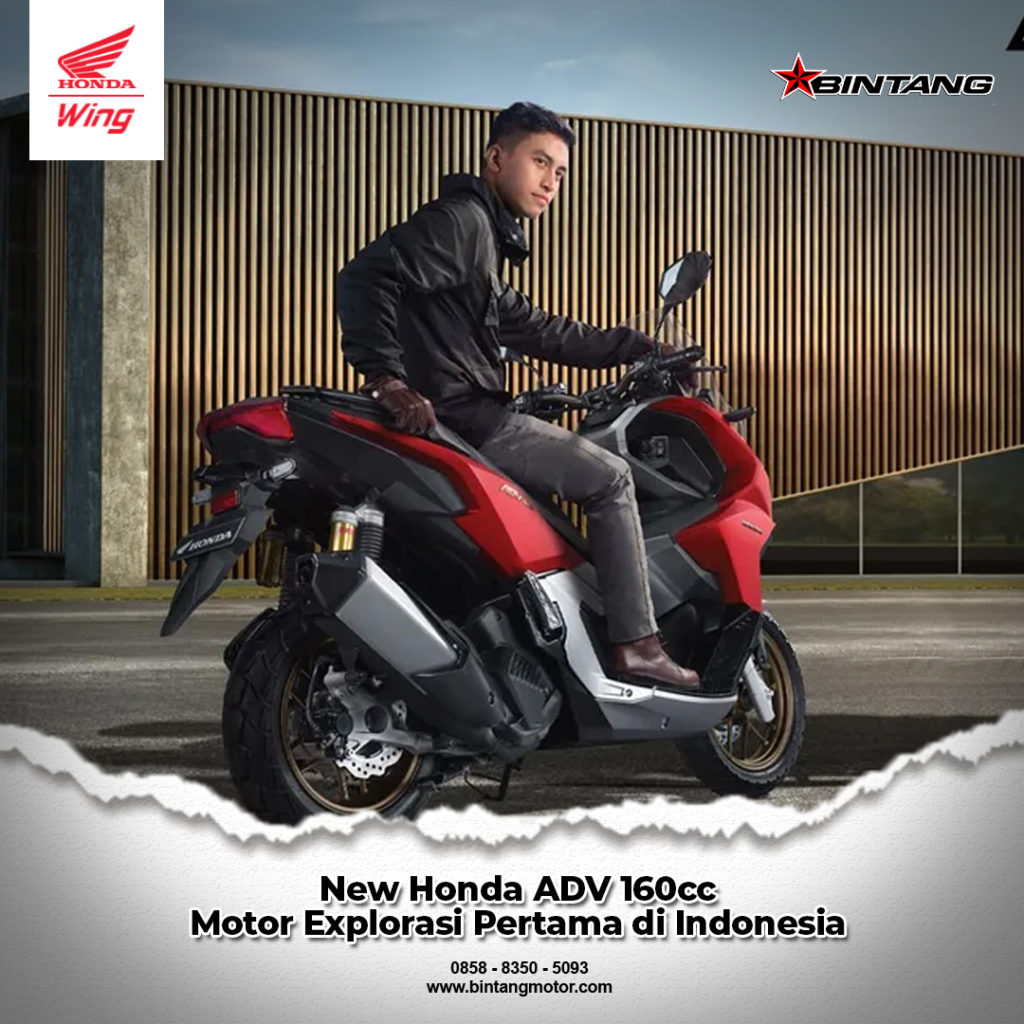 New Honda ADV 160cc Motor Explorasi Pertama di Indonesia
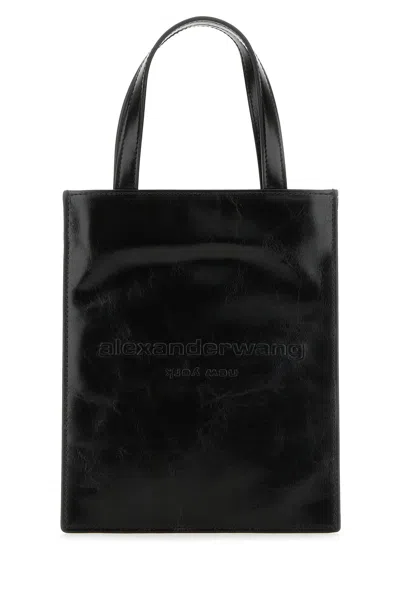ALEXANDER WANG ALEXANDER WANG BLACK LEATHER SMALL PINCH HANDBAG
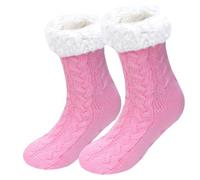 BOER Slipper Socks - Winter Ladies Non Slip Soft Cozy Slipper Socks Fleece Lined Fluffy Socks Knitted Warm Home Socks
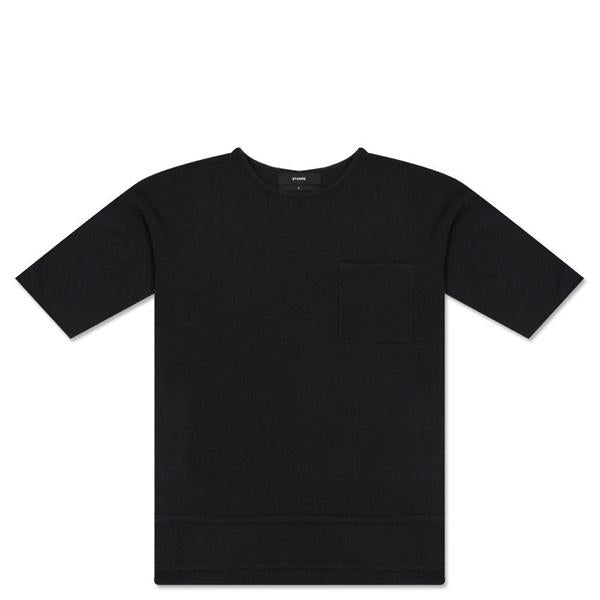 S/S Pocket Sweater - Black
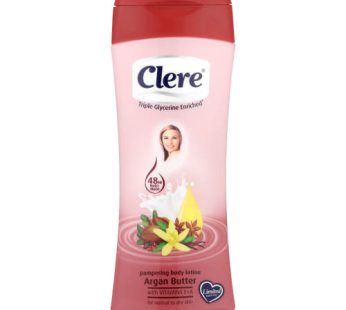 CLERE HAND & BODY LOTION ARGAN BUTTER 6x400ml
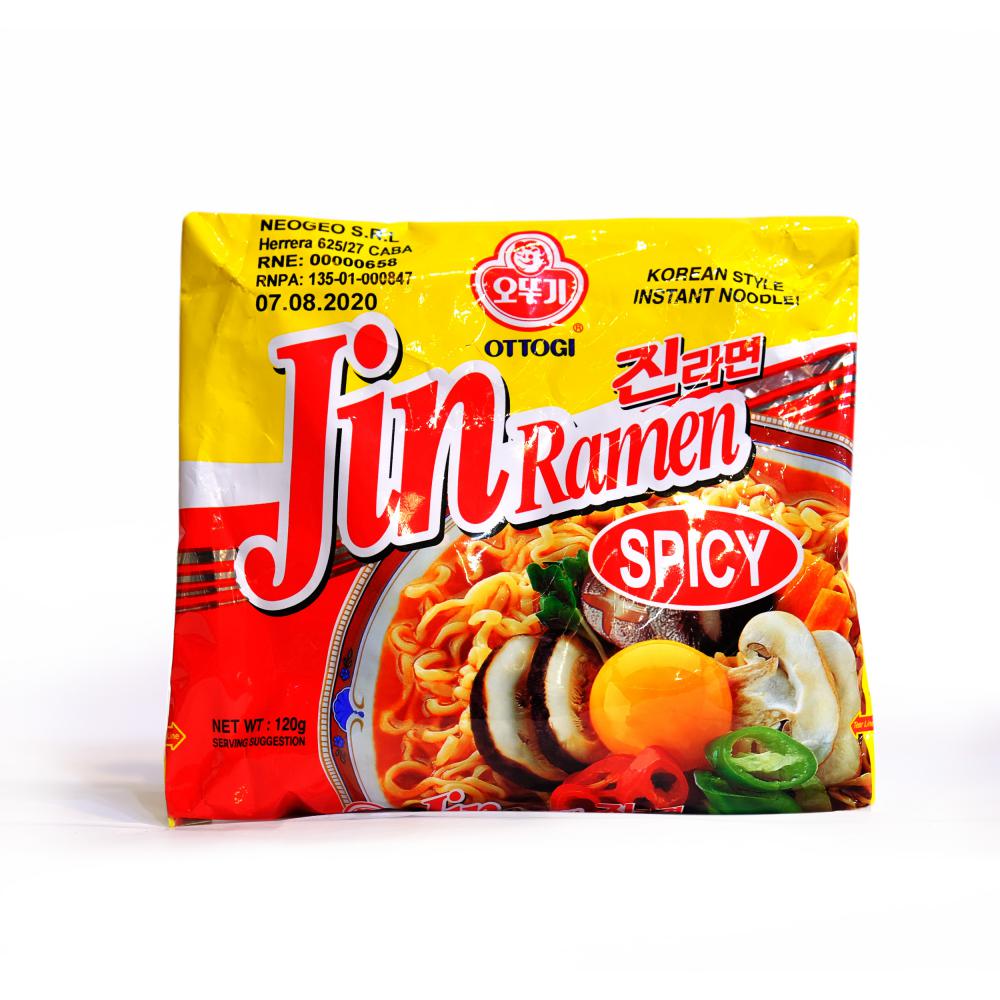 Ottogi Jin Ramen Spicy Korean Style Instant Noodle - 120gr
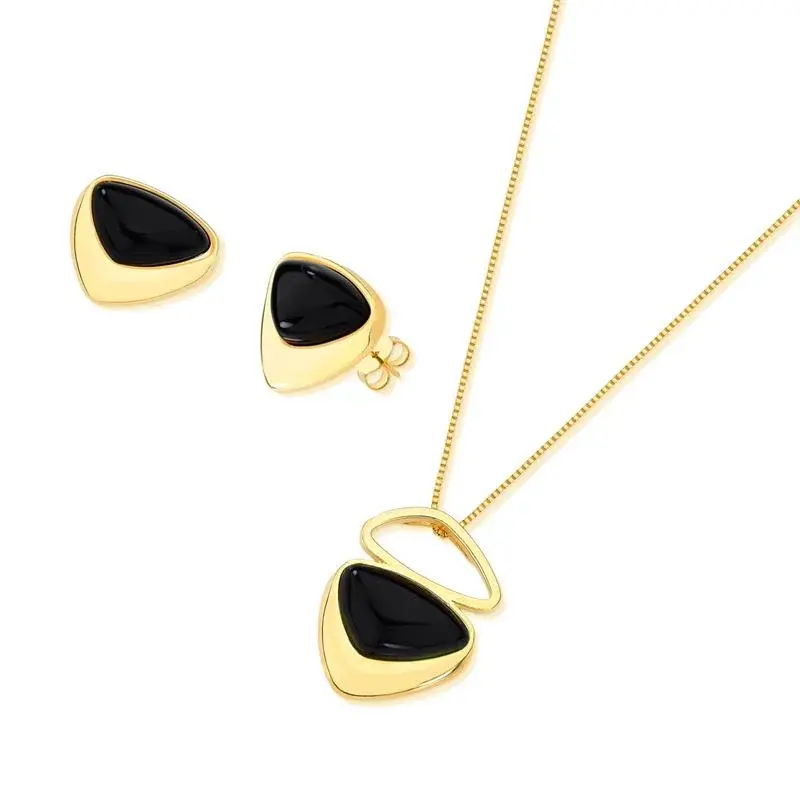black agate set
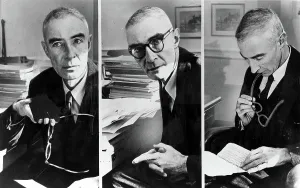 Atom Bomb Prints: J. ROBERT OPPENHEIMER-Head of the Manhattan Project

_EXERCISE BRIEF_
The reply is to be all the records above, transcribed exactly, with no pictures.

_THE COMPLETED TASK_
 New Honda ADV 160cc Motor Explorasi Pertama di Indonesia
ALEXANDER WANG ALEXANDER WANG BLACK LEATHER SMALL PINCH HANDBAG
 BOER Slipper Socks - Winter Ladies Non Slip Soft Cozy Slipper Socks Fleece Lined Fluffy Socks Knitted Warm Home Socks
 S/S Pocket Sweater - Black
 CLERE HAND & BODY LOTION ARGAN BUTTER 6x400ml
 Ottogi Jin Ramen Spicy Korean Style Instant Noodle - 120gr
black agate set
 Atom Bomb Prints: J. ROBERT OPPENHEIMER-Head of the Manhattan Project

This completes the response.